Background of my question: when I audited the computers in the domain, I would encounter computers that are not psexec-able, or remote WMI queryable, or remote regedit-able, or a combination of the three. This forced me to every time devise workarounds, a job that took away too much valuable time. So, rather than wasting time again and again, I'd rather enforce uniformity via a domain-wide GPO.

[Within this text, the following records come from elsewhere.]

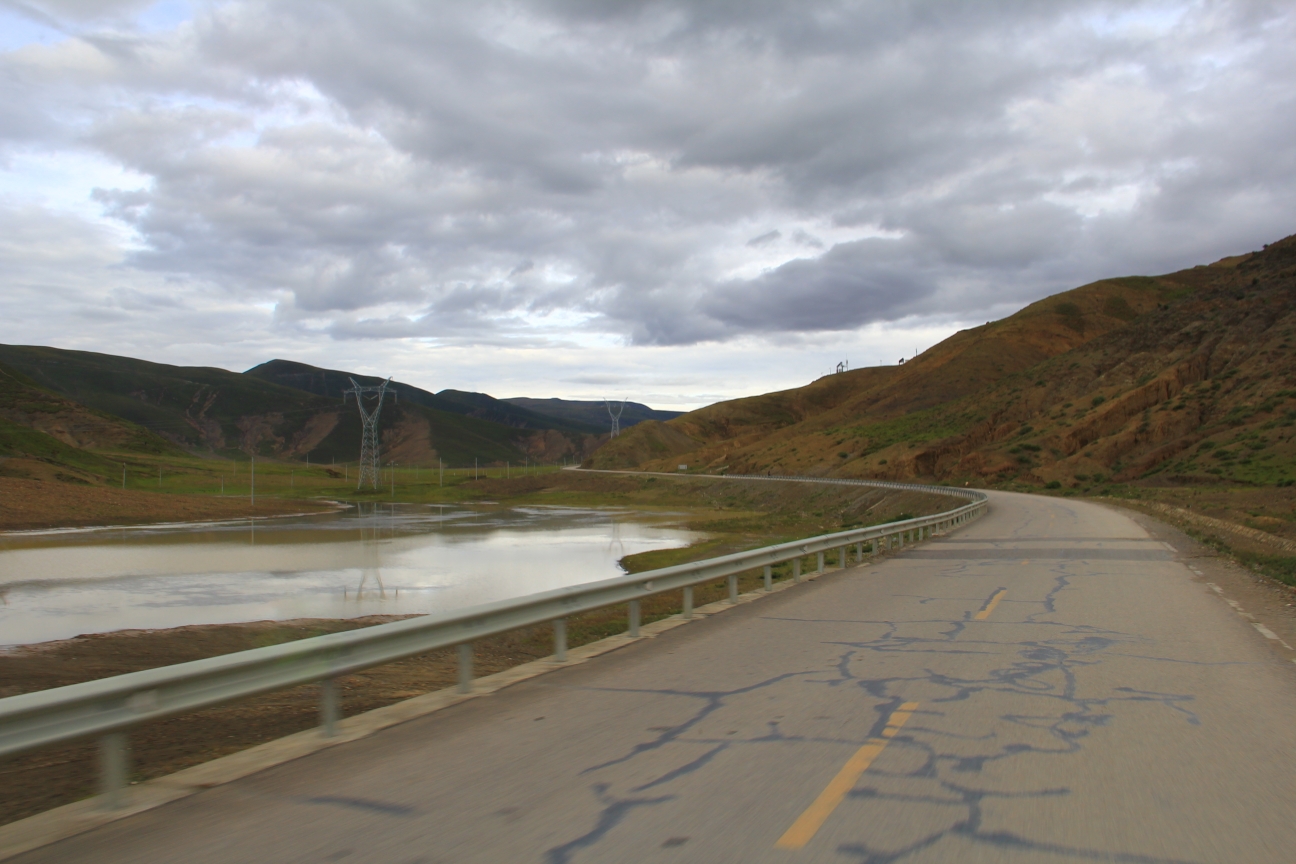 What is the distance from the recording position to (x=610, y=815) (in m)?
4.70

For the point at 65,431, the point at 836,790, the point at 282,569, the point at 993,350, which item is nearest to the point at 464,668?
the point at 836,790

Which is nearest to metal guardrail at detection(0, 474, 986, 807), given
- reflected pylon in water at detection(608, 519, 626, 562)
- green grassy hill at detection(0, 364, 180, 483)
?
reflected pylon in water at detection(608, 519, 626, 562)

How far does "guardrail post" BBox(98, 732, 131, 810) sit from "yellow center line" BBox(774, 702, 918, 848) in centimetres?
343

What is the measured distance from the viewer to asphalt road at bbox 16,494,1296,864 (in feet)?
14.2

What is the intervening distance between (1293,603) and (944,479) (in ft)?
230

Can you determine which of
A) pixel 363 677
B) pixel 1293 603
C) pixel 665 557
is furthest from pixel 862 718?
pixel 665 557

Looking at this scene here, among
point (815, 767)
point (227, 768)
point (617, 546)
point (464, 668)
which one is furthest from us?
point (617, 546)

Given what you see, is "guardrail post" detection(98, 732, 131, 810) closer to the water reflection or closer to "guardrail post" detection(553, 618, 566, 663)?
"guardrail post" detection(553, 618, 566, 663)

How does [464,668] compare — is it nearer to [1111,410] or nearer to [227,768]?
[227,768]

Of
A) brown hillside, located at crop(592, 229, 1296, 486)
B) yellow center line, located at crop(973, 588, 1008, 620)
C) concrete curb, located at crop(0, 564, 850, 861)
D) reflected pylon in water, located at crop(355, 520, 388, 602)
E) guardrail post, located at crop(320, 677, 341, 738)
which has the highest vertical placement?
brown hillside, located at crop(592, 229, 1296, 486)

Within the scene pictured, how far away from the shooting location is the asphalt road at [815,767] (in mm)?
4332

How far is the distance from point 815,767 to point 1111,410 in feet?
259

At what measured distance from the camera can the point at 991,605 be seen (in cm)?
1273

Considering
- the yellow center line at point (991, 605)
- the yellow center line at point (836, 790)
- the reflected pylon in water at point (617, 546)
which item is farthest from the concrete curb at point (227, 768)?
the reflected pylon in water at point (617, 546) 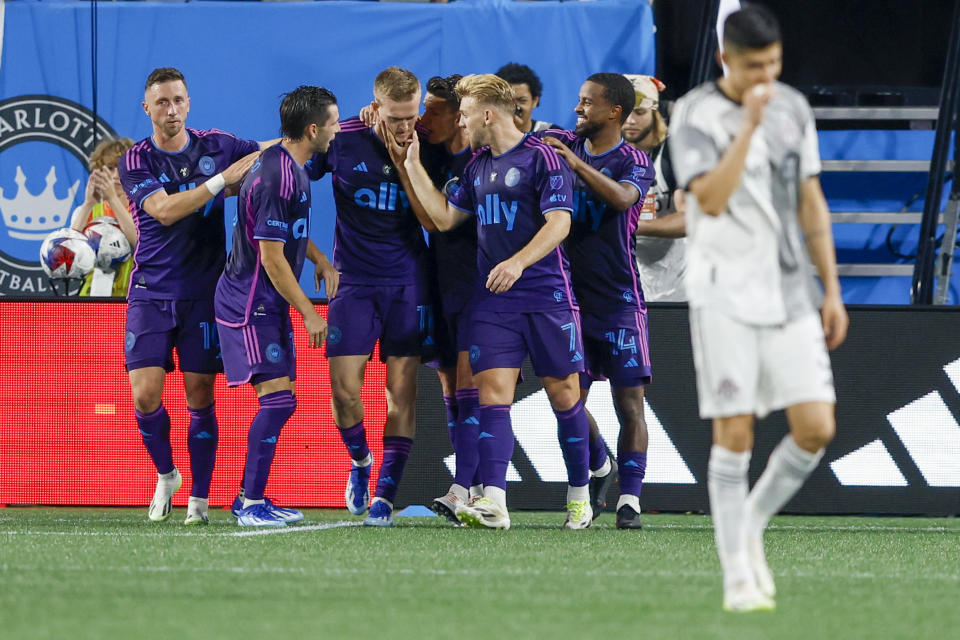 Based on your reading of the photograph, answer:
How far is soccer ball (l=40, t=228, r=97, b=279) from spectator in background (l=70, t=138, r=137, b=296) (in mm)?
294

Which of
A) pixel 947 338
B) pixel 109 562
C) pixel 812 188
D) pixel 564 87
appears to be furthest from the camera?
pixel 564 87

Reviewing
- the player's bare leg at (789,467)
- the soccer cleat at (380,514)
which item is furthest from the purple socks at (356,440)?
the player's bare leg at (789,467)

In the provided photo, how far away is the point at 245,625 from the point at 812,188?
1.95 metres

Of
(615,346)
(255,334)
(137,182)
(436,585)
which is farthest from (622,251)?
(436,585)

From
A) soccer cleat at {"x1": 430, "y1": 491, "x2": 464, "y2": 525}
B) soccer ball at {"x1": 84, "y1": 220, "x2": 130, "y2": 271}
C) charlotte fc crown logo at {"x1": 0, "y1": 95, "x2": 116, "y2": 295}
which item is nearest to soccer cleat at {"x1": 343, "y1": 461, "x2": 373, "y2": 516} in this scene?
soccer cleat at {"x1": 430, "y1": 491, "x2": 464, "y2": 525}

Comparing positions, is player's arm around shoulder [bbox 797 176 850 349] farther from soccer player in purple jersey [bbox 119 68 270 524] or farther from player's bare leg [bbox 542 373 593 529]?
soccer player in purple jersey [bbox 119 68 270 524]

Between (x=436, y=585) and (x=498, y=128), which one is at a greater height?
(x=498, y=128)

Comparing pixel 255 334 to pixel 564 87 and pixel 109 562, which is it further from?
pixel 564 87

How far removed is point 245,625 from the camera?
137 inches

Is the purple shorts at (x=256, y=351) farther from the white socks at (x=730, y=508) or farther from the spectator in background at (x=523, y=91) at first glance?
the white socks at (x=730, y=508)

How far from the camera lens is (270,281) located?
21.6ft

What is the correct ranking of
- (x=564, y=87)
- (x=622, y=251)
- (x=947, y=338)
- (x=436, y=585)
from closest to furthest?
(x=436, y=585)
(x=622, y=251)
(x=947, y=338)
(x=564, y=87)

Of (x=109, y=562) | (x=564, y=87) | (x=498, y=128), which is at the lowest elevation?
(x=109, y=562)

PS: The targets of operation are Windows XP SP3 and Windows 7 Professional/Enterprise.
Best Answer
Mmmm... thoughts:
PSExec - just requires the remote PC to be contactable via RPC and SMB. Plus, you need the appropriate rights at the other end to remotely interact with the Service Control Manager (this could be forced via Group Policy Preferences). So, assuming the PC is operational...: If the PC is on the domain, then the Windows Firewall should let you in, unless you've tweaked the domain-connected firewall settings. Anti-virus products might see PSExec as a "Potentially unwanted Program". So, possibly some registry settings here to ensure it's allowed to execute.
WMI - Again, needs RPC to be functioning. You might want to force the WMI services to be running via GPOs. One snag with WMI is when a 3rd party product fecks up the WMI repository. Seen this so many times. Only fix is a manual recompile.
Remote Registry - Again, RPC and privs. Plus, you could force the service to be running via GPOs.